Le
30 septembre 1900, Auguste et Louis Lumière filment Georges Footit
et Chocolat. Ce film des deux frères est visible à la toute fin de
Chocolat, juste avant le générique. Plan fixe où les deux
clowns font leur numéro : Footit esquisse un mouvement
circulaire accroupi, Chocolat se saisit d'une chaise pour le frapper,
tous deux sautillent, cherchent à se faire tomber l'un l'autre puis
sortent du cadre. Dans le film de Roschdy Zem, les frères Podalydès
jouent les frères Lumière.
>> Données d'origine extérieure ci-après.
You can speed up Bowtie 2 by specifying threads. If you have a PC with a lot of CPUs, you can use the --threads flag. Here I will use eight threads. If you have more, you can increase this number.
On les voit, derrière leur appareil,
donner des directives aux clowns dans une séquence charnière où
l'art ancien de la pantomime rencontre l'art nouveau du
cinématographe.
Ce
qui passionne dans la première heure de Chocolat, ce sont les
coulisses du spectacle. Au lieu de se mettre à la place du badaud
qui vient au cirque, Roschdy Zem montre l'érection du chapiteau, les
artistes qui auditionnent devant le patron, Monsieur Delvaux
(Frédéric Pierrot). Parmi eux, Footit (James Thierrée, acteur
physique qu'on avait vu dans Mes séances de lutte de Jacques
Doillon, il est aussi le chorégraphe des numéros que l'on verra
dans le film et accessoirement le petit-fils de Charles Chaplin). Le
nouveau numéro de Footit ne plaît pas à Delvaux qui ne veut pas
l'engager. Du déjà-vu. Le patron veut du neuf.
Quand
Footit observe des coulisses l'arrivée d'un sauvage africain, comme
le présente Delvaux, au milieu de la petite piste du cirque, il sent
qu'il peut faire de cet homme habillé de peau de bêtes autre chose.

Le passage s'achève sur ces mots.